There are very few new world cities where you could deliver an eco-tourism experience like this within a few kilometres of the CBD. The site itself has a rich indigenous heritage story to tell as well as the alluring views of the bright city lights, the scenic rim and Moreton Bay.

Eco-tourism makes for a strong branding and marketing point for any product.

In marketing the zipline as an eco-friendly project that respects the environment it is in, shares the indigenous stories and histories of the area as well as being a hero experience for visitors, we know we will be tapping into a rich vein in the tourism market.

We also know this very much means not just talking the talk, but backing that up by delivering a truly unique experience that places us closer to nature in ways that can be exhilarating or soothing, and which do not hurt the very resource we are celebrating.

Melding nature with the zipline experiences

We have proposed three separate tours for Mount Coot-tha, each telling a distinctly different story.

This first is a Guided Treetop Canopy Tour that celebrates the unique flora and fauna of Mount Coot-tha.

At 1500m in length, the Treetop Canopy Tour will be the longest zipline in Australia, starting west of the Summit lookout and finishing near the JC Slaughter Falls picnic area.

The second tour is the Megazip, which celebrates Brisbane as a new world city. It will feature a 1400m Megazip capable of getting the heart running as you zip from the Mount Coot-tha Lookout, travelling at up to 65kph before finishing at the Brisbane Botanic Gardens. It comprises six parallel zip lines traversing 1.1km from the Summit to the Botanic Gardens and a second 340m traverse crossing the Melaleuca Lake within the Botanic Gardens.

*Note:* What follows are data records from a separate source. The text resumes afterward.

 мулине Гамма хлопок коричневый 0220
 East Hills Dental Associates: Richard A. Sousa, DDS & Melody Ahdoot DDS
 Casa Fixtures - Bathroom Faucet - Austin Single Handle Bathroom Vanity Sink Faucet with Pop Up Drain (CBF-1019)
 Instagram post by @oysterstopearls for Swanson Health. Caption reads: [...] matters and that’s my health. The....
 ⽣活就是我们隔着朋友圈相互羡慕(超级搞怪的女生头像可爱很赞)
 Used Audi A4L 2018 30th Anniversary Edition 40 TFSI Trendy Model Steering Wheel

The Megazip will offer Brisbane’s best views and will be a must-do experience for visitors.

The third tour is an indigenous guided Cultural Heritage tour that tells the story of Mt Coot-tha’s indigenous past, Dreamtime paths, bush tucker and hunting activities. The centrepiece of the tour is a 330m suspended pedestrian bridge 50m above JC Slaughter Falls. It will be the longest suspended pedestrian bridge in the Southern Hemisphere.

The nature opportunity in Brisbane

When we tendered for the Brisbane zipline project, we faced an international field of competitors. The feedback we received was that there were two features that made our submission stand out: our environmentally friendly approach, which fostered eco-tourism, and the creative design.

When we started Zipline Australia five years ago, we did so with the intention of developing opportunities in eco-tourism as a way of best using my brother Michael’s military background and engineering, rigging skills and rope access along with my experience in business, marketing and commerce.

Michael currently operates a successful zipline experience in Vanuatu and we are also working on the Cairns Rainforest Zipline, which will be hosted at the Skyrail Cairns site.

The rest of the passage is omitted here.